### Task inputs

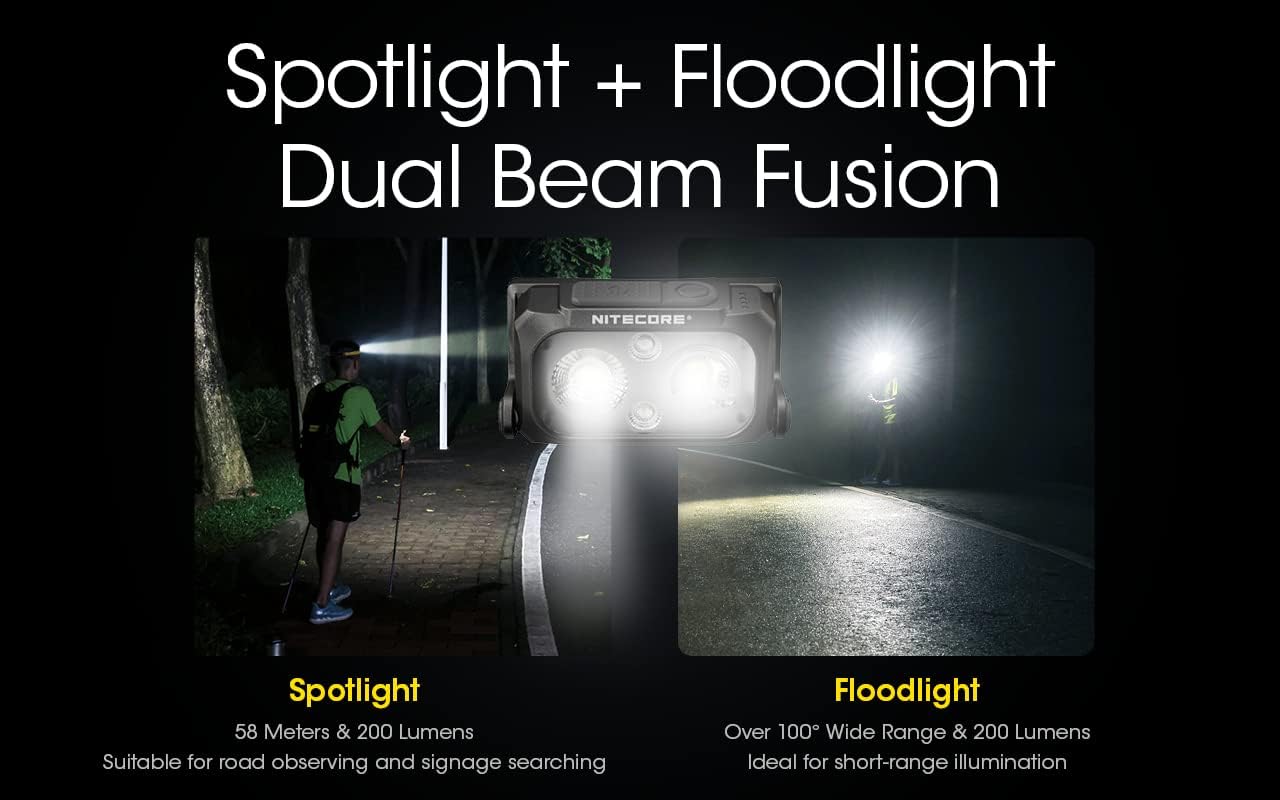 Nitecore NU25 400 Lumen Bright Lightweight Durable for Hiking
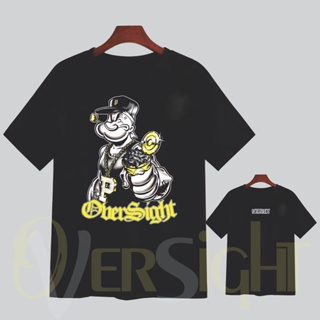 เสื้อยืดลําลอง ผ้าฝ้าย แขนสั้น พิมพ์ลาย DISTRO OVERSIZE POPEYE COMBED 24S สําหรับผู้ชาย ผู้หญิง_02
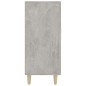vidaXL Aparador de madera de ingeniería gris hormigón 90x34x80 cm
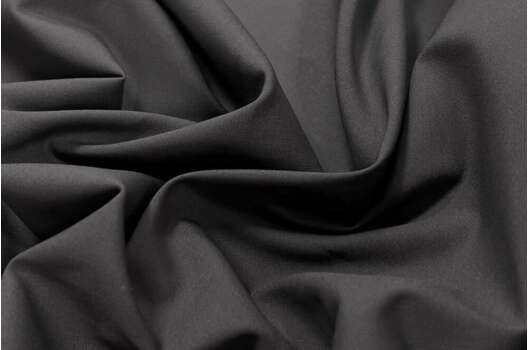 Ткань сорочечная с эластаном, темно-серая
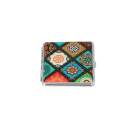 Zigarettenetuis "Floral" gelb/gr&uuml;n,...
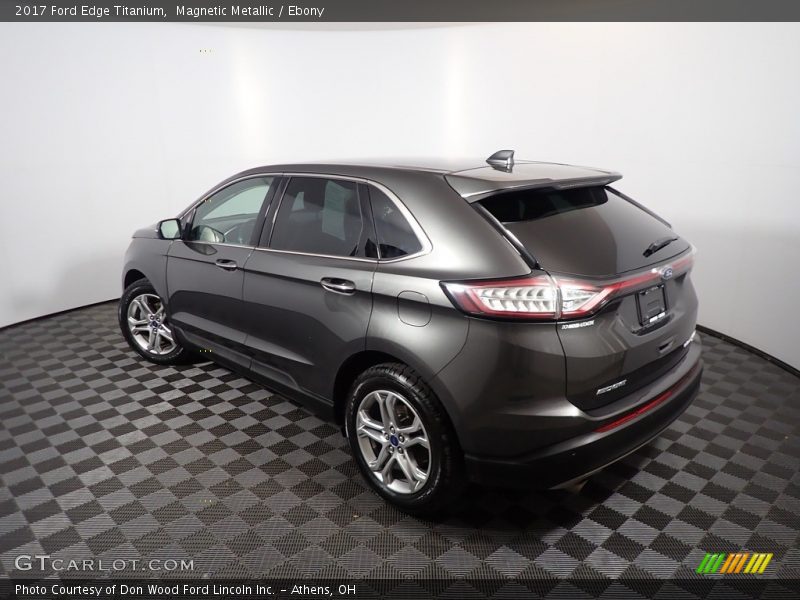 Magnetic Metallic / Ebony 2017 Ford Edge Titanium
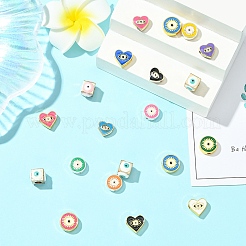 20 шт. 5 стиля бусины из сплава с эмалью на тему сглаза&nbsp;FIND-YW0008-25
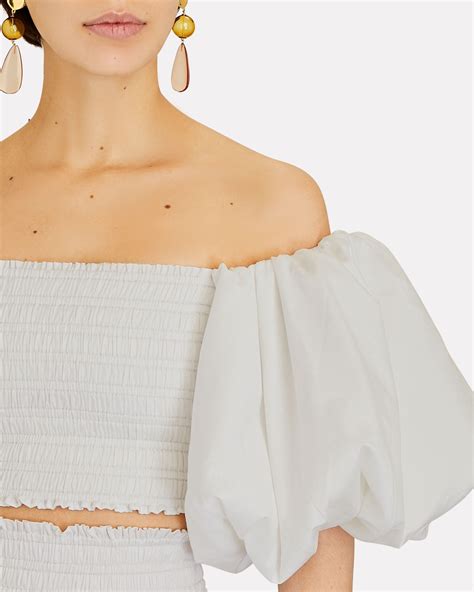 Off The Shoulder Puff Sleeve Top In 2021 Puff Sleeve Top Shoulder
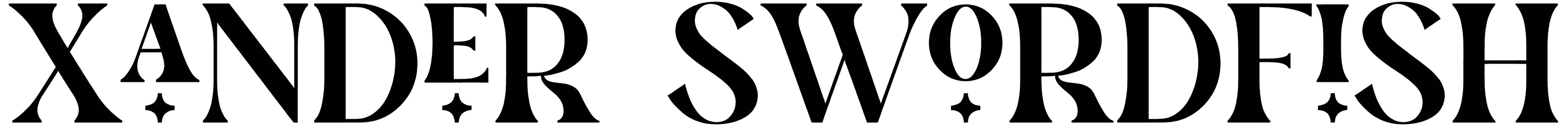 Xander Swordfish Font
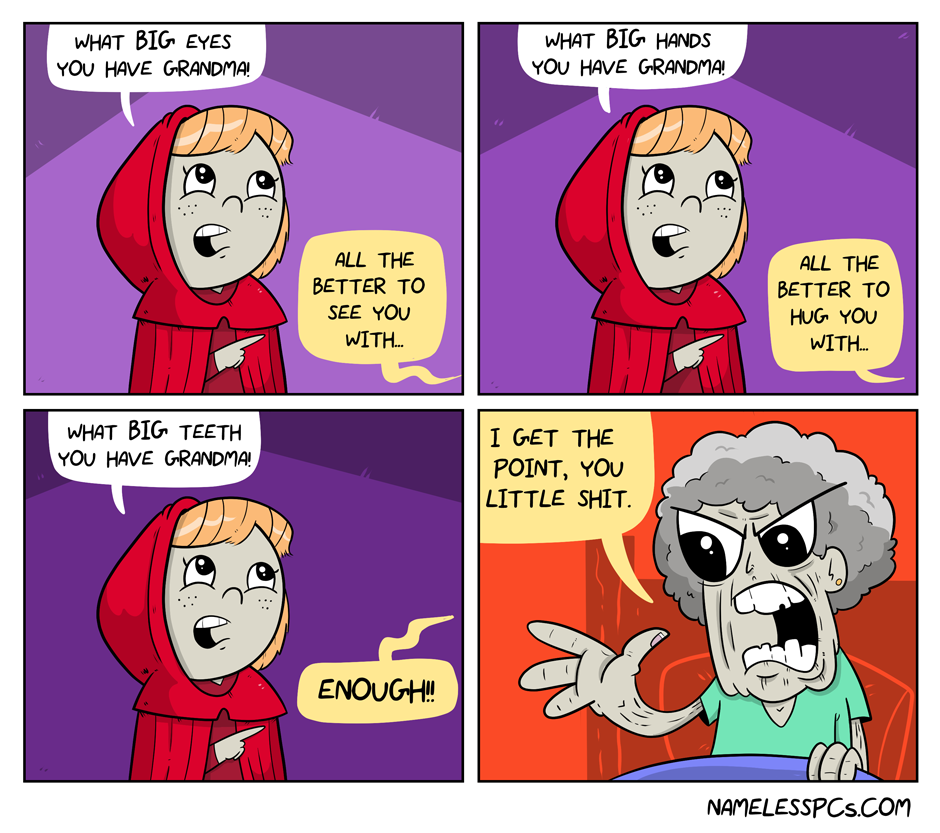 Little Red Riding Hood – Nameless PCs
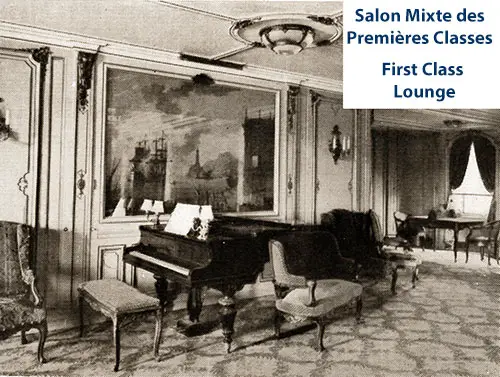 Salon Mixte des Premières Classes.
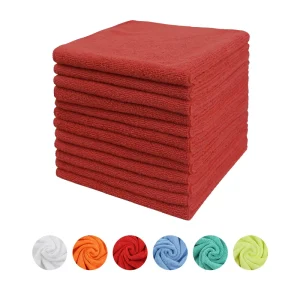 US Spot High Quality Microfiber Cleaning Cloth Lint Free and Highly Absorbent Dusting Cloth Others Size: 16x16in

### Exercise prompt
Copy the final stretch of lines, starting at the one that holds "Little Red Riding Hood – Nameless PCs" and ending at the last line of the data, exactly; omit pictures.

### Result below
 Little Red Riding Hood – Nameless PCs
 Salon Mixte des Premières Classes.
 US Spot High Quality Microfiber Cleaning Cloth Lint Free and Highly Absorbent Dusting Cloth Others Size: 16x16in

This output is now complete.